## Exercise brief
Print the data that follows word for word, leaving out any picture.

+++ Material for this task

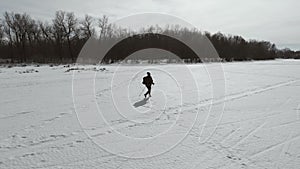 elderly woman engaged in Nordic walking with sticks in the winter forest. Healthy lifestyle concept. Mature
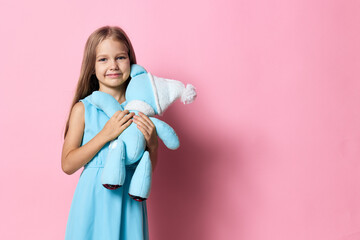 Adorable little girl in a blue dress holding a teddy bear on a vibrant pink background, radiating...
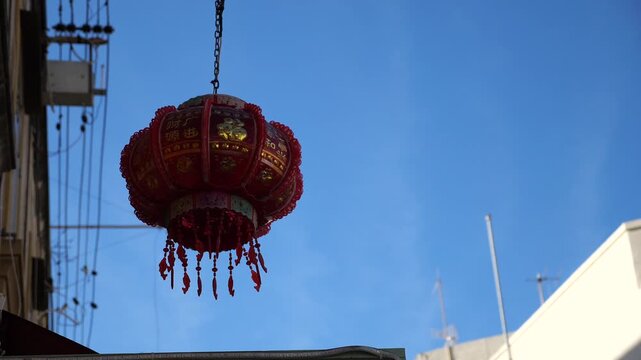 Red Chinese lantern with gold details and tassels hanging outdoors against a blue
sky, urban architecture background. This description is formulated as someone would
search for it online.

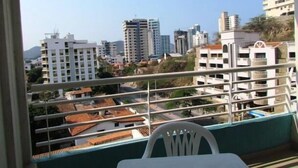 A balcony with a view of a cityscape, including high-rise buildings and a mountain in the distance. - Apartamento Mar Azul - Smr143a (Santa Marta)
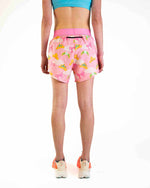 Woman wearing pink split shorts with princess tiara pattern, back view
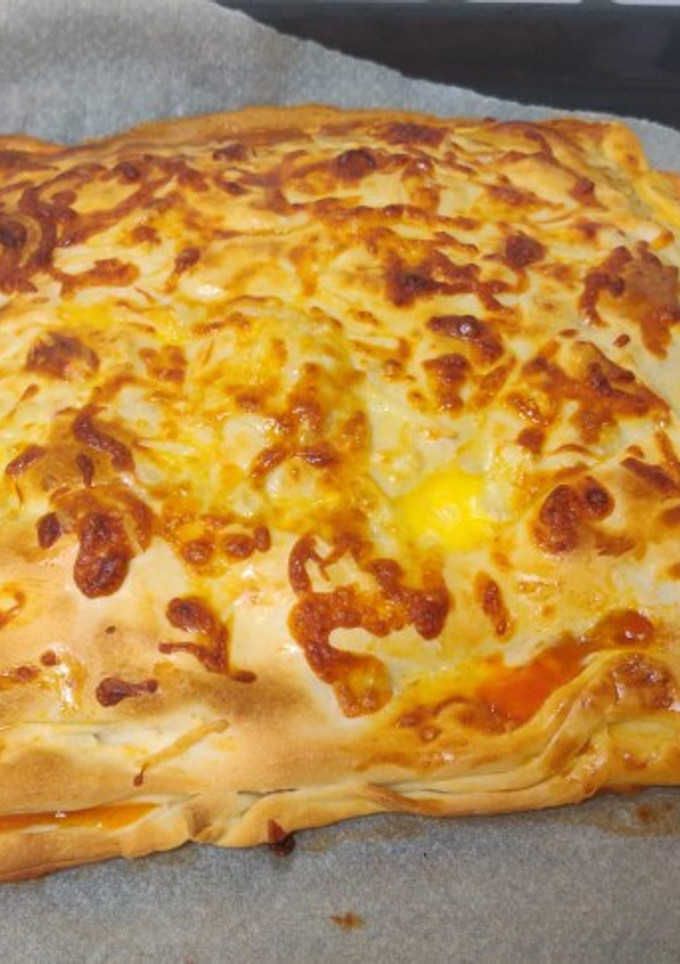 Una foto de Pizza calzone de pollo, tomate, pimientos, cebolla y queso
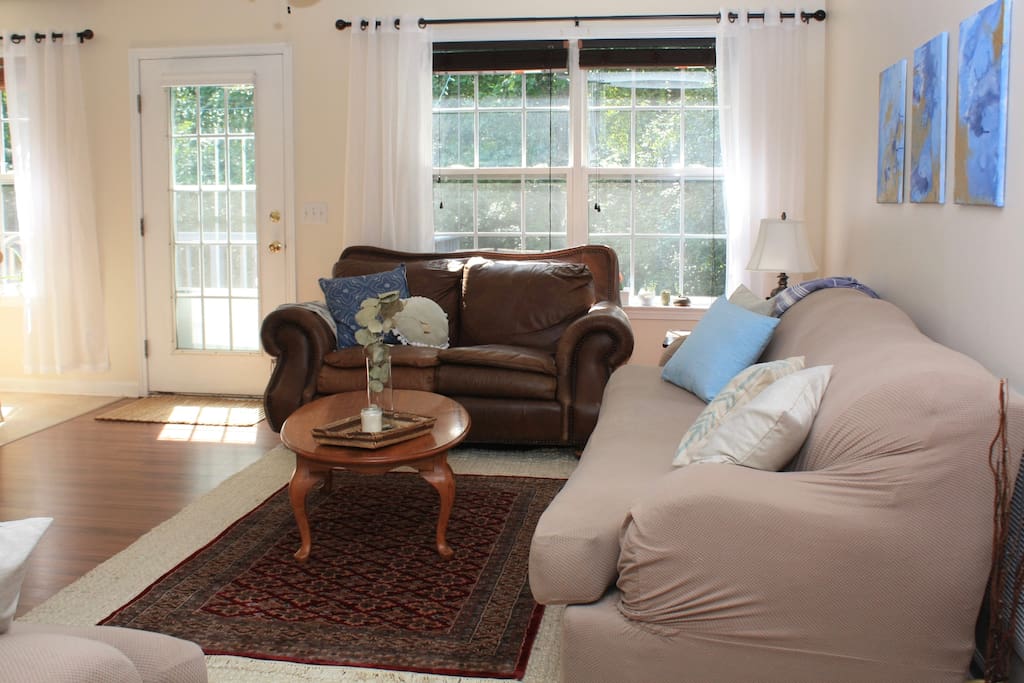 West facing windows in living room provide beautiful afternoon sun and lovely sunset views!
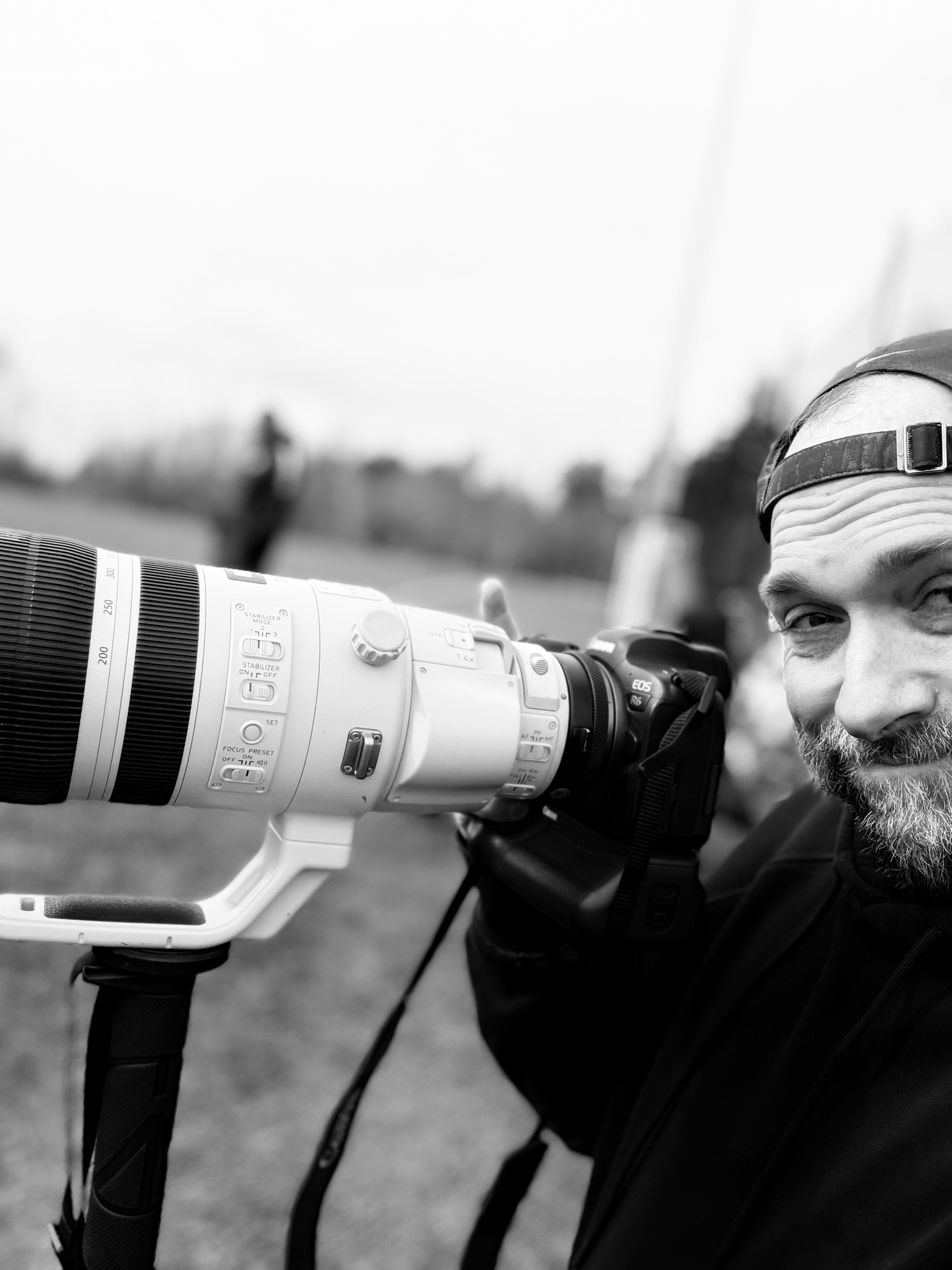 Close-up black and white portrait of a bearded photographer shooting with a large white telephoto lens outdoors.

++++++

## Output below
 elderly woman engaged in Nordic walking with sticks in the winter forest. Healthy lifestyle concept. Mature
 Adorable little girl in a blue dress holding a teddy bear on a vibrant pink background, radiating...
 Red Chinese lantern with gold details and tassels hanging outdoors against a blue
sky, urban architecture background. This description is formulated as someone would
search for it online.

 A balcony with a view of a cityscape, including high-rise buildings and a mountain in the distance. - Apartamento Mar Azul - Smr143a (Santa Marta)
 Woman wearing pink split shorts with princess tiara pattern, back view
 Una foto de Pizza calzone de pollo, tomate, pimientos, cebolla y queso
 West facing windows in living room provide beautiful afternoon sun and lovely sunset views!
 Close-up black and white portrait of a bearded photographer shooting with a large white telephoto lens outdoors.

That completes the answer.